В декабре же вечер поэтов в Академии художеств, где читали и Блок и Сологуб и Ахматова и многие другие; вечер, уже не популярный, собрал переполненный внимательными слушателями зал. В общем же искусство было придавлено. В Москве, пожалуй, было благополучнее. Там и все тот же привычный кружок писателей возле «Московского книгоиздательства» с Ив. Буниным во главе устраивал периодические вечера, и Маяковский со своей компанией докладывал приютившимся за столиками посетителям его вечеров:
«Ешь ананасы,
Рябчика жуй,
Последний твой денечек
Приходит, буржуй».
Почти единодушно за немногими исключениями (из них отметим статьи А. Блока в казенном петроградском «Знамени труда») писатели и поэты отказались участвовать в большевистских изданиях.

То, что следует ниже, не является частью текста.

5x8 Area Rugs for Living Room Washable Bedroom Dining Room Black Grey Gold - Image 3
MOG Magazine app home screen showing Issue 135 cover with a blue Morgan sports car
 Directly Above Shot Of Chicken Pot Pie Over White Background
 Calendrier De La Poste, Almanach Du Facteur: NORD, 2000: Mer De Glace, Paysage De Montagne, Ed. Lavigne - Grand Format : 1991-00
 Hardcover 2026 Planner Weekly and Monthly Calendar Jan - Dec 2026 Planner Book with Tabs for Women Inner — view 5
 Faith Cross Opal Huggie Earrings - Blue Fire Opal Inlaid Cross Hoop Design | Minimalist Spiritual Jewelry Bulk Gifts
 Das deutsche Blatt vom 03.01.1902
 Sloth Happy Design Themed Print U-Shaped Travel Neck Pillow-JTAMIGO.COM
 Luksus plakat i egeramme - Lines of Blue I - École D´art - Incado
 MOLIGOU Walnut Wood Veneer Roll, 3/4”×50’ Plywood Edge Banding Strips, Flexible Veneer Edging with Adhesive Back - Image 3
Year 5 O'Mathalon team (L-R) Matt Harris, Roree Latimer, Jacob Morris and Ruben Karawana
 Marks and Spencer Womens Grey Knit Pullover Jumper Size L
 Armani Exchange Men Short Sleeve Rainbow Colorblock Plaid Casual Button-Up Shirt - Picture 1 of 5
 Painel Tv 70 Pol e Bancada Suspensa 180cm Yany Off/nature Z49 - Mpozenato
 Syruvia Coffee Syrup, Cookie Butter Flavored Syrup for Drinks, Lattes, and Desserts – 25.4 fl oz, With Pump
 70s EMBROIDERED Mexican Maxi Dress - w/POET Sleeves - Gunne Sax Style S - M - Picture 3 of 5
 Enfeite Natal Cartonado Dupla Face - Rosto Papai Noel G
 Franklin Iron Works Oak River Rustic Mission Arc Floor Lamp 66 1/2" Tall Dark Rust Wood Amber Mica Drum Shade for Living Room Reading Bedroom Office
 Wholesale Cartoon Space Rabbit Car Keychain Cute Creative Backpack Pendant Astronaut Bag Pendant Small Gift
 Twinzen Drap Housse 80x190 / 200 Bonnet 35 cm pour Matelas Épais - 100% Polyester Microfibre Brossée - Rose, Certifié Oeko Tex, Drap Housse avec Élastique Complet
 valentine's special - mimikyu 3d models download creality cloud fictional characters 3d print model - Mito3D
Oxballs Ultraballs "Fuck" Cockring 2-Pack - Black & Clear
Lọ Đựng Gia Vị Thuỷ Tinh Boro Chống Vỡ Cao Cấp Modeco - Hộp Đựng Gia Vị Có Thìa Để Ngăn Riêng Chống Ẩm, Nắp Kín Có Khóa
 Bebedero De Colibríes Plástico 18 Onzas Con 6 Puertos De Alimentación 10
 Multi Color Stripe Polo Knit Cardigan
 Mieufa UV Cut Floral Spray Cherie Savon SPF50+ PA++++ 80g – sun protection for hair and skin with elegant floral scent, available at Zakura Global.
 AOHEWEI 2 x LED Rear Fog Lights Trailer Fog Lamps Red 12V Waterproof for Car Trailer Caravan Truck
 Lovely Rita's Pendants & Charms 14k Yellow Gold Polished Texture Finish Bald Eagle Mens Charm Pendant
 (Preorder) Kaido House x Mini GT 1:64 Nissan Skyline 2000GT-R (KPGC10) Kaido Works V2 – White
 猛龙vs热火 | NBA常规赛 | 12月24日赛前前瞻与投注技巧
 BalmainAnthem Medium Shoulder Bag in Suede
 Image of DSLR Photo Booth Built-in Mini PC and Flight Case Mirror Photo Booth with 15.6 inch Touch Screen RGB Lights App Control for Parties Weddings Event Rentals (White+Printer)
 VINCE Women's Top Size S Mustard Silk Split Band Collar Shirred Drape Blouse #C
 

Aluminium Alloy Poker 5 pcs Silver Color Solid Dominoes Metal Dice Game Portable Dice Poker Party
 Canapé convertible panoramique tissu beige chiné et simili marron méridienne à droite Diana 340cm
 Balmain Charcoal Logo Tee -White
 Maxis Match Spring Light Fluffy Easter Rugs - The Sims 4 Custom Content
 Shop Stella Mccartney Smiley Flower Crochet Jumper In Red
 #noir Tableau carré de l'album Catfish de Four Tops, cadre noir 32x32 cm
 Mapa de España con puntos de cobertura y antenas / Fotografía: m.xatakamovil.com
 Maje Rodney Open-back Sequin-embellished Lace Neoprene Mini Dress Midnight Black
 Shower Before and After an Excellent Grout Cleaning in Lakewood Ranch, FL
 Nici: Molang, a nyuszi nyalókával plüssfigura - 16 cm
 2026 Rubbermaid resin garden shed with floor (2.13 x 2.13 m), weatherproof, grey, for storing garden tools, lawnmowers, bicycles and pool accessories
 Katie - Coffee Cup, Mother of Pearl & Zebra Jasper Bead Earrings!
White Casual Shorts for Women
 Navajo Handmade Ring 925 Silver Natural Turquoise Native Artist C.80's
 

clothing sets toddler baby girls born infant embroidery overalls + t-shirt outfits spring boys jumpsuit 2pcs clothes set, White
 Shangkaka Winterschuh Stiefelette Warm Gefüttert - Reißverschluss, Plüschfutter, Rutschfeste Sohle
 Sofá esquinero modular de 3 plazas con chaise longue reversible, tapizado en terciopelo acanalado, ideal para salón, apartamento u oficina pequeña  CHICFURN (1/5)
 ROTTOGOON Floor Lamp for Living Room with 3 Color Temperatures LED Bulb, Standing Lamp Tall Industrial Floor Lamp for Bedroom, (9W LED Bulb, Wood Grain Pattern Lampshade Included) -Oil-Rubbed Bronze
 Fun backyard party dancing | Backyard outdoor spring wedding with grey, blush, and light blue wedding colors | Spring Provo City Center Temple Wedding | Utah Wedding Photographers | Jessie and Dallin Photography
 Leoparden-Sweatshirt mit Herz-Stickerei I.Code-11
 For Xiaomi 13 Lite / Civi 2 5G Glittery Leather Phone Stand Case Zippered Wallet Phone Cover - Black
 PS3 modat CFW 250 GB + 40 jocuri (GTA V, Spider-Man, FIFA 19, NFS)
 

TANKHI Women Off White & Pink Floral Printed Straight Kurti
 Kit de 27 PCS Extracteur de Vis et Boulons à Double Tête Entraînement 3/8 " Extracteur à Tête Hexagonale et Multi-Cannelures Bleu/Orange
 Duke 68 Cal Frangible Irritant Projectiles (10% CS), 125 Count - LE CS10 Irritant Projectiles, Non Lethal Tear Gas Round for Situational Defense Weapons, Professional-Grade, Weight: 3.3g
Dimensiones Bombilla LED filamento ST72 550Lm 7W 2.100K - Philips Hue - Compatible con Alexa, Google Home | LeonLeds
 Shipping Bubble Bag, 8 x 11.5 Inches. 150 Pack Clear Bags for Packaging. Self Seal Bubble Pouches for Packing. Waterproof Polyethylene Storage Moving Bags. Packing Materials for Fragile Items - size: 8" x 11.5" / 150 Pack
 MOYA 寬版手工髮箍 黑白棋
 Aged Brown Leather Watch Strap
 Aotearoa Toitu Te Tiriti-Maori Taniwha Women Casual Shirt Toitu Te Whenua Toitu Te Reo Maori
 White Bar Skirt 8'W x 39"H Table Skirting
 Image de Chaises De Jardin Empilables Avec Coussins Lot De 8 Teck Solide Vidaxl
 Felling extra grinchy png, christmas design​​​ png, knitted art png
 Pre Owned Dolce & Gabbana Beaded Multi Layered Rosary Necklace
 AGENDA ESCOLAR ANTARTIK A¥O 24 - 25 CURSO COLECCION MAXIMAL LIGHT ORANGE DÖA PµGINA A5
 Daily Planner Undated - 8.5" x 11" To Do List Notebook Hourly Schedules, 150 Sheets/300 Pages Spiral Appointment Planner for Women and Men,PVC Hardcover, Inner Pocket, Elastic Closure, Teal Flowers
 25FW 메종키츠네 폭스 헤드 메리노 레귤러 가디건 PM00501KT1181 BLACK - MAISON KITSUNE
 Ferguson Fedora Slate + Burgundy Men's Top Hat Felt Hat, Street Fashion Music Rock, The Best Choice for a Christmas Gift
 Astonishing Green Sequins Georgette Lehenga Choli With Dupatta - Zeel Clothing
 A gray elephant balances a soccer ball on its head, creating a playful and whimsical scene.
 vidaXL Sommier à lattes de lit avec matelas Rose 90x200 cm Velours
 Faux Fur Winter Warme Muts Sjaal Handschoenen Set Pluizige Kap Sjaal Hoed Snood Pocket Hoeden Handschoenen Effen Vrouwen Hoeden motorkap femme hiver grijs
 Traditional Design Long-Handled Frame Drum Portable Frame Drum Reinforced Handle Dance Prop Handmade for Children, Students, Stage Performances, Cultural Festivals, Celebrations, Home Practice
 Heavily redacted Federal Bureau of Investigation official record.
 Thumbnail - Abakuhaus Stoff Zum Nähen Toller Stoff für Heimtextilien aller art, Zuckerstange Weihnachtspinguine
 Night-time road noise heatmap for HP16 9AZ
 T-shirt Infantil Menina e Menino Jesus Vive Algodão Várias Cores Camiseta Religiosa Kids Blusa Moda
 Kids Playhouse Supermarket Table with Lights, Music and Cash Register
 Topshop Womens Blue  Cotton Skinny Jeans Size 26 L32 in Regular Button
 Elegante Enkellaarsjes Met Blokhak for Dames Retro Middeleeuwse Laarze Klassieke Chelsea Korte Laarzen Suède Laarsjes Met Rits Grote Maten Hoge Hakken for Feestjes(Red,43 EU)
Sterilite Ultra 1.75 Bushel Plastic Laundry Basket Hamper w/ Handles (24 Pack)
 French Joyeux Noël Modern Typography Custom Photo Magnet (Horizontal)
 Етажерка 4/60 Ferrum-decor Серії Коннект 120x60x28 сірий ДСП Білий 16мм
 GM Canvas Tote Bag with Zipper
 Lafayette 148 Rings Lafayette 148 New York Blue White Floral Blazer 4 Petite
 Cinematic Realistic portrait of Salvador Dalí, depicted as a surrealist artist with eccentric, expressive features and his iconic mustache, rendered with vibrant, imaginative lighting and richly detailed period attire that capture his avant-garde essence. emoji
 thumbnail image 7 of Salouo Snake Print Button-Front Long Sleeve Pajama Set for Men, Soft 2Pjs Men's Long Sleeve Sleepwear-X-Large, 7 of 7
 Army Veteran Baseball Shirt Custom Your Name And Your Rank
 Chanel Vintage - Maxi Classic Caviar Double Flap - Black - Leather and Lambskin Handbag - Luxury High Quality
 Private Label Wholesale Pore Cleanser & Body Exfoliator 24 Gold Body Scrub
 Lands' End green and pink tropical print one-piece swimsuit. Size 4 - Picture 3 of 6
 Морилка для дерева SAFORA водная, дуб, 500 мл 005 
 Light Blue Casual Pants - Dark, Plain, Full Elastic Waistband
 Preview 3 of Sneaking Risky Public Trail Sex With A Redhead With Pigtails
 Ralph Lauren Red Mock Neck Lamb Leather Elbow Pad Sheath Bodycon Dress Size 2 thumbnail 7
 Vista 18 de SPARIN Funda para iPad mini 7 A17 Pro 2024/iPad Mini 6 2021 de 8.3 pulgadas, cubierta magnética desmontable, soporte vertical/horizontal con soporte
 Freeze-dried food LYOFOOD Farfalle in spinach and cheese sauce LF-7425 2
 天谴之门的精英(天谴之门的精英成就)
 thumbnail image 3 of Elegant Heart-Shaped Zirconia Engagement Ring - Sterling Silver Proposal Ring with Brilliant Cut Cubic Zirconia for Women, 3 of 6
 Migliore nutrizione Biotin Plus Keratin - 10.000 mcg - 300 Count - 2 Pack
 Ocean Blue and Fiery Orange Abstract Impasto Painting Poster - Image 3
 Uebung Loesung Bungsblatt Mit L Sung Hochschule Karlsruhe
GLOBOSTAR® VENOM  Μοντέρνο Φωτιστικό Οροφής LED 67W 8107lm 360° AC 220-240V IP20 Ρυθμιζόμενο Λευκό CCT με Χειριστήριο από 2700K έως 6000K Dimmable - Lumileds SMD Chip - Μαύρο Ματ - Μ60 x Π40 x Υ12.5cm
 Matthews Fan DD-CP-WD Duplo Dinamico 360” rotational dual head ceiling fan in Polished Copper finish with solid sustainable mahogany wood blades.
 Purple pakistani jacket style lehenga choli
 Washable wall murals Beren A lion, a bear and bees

Соглашающихся возили для очистки от буржуйности в Кронштадт на матросские вечера и потом признавали невиновными в «саботаже» и «соглашательстве». Первым совершил эту поездку маститый Ясинский, которого уж никак нельзя было заподозрить в пристрастиях к крайним течениям в политике.
Не избег этого и Шаляпин, удостоенный лаврового венка и похвальной статьи в «Известиях».
В общем же, эстетическая жизнь замерла в обеих столицах.
Я не был удивлен, увидев в Тифлисе объявления о художественном журнале и эстетических вечерах: всюду, где есть возможность жить, пробиваются и художественные начинания.
В январе в Ростове мне бросились в глаза объявления о «Вечере 13». Пошел; имена сплошь незнакомые: молодежь гимназического возраста. Кое-кто, усвоив себе эффектные псевдонимы вроде «Дар Гер» и «Скалагримм Березарк», дивил милую, но все же провинциальную публику плохими подражаниями Северянину и Маяковскому, в простоте душевной принимая их за последний крик моды, но в некоторых (прежде всего М. Лещинский) чувствовалось неокрепшее, но оригинальное дарование.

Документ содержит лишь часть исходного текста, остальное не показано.